I was reminded of how unnecessary it would be to have such debates if health care wasn’t thrust into the political arena.
While the free market does amazing things and almost always manages to provide us with just about everything we need and want for all different sets of preferences and income levels, there are some things we don’t want to trust to free markets, like education and health care, that are “too important to rely on profit to do right”.
The debate started with a friend posting a status update grumbling about some of the trade-offs he feels forced into making because of the Obamacare legislation while making a reference to the Boston tea party. All the usual suspects chimed in.
A supporter of health care tried to convince my friend that Obamacare really won’t hurt him much and may actually help him and that his reference to the Boston tea party was inaccurate because the Boston tea party resulted from ‘taxation without representation’ while Obamacare was voted ‘fair and square’ by ‘elected reps’.
Another explained her skepticism of the government plan, but was scared because she has a pre-existing condition and can’t find affordable coverage after a job change.
I played the part of the free market, limited government guy.
Whatever you think of the merits the health care debate, the only reason we have this debate is because we’ve pushed health care into the political arena.
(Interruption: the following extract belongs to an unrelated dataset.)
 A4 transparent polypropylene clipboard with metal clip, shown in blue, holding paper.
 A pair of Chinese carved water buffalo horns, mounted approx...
That means that some folks get to force their preferences onto others. And that is the source of all the debate.
We don’t argue about Whoppers because we haven’t pushed it into the political arena.
Teddy Kennedy didn’t sponsor legislation ensuring that if you come into a store for Whoppers, but couldn’t pay, the store would have to provide it to you for free.
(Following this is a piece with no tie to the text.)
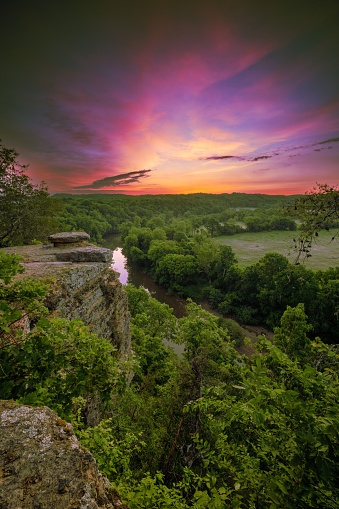 A vertical shot of strea flowing through rock formations and lush green trees during sunset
During World War II, politicians didn’t set caps on salaries and then exempt Whoppers from those caps.
Likewise, Congress never passed a bill to give favorable tax treatment to employer-sponsored Whoppers or legislation that forces younger folks to subsidize Whoppers for retired folks.
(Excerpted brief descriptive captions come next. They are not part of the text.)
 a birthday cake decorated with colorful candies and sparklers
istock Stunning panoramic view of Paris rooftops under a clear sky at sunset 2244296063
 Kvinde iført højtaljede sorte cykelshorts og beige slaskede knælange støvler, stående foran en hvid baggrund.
Would there be problems with health care if it were not in the political arena? I’m certain of it. But, I’m confident we’d find private solutions for those problems that wouldn’t make things worse for everyone with unintended consequences.
Unfortunately, all it takes is one horror story of private solutions not working before we want to push it into the political arena to prevent that from happening again.
Yet oddly, horror stories from the political solutions don’t seem to make us skeptical of the political solution.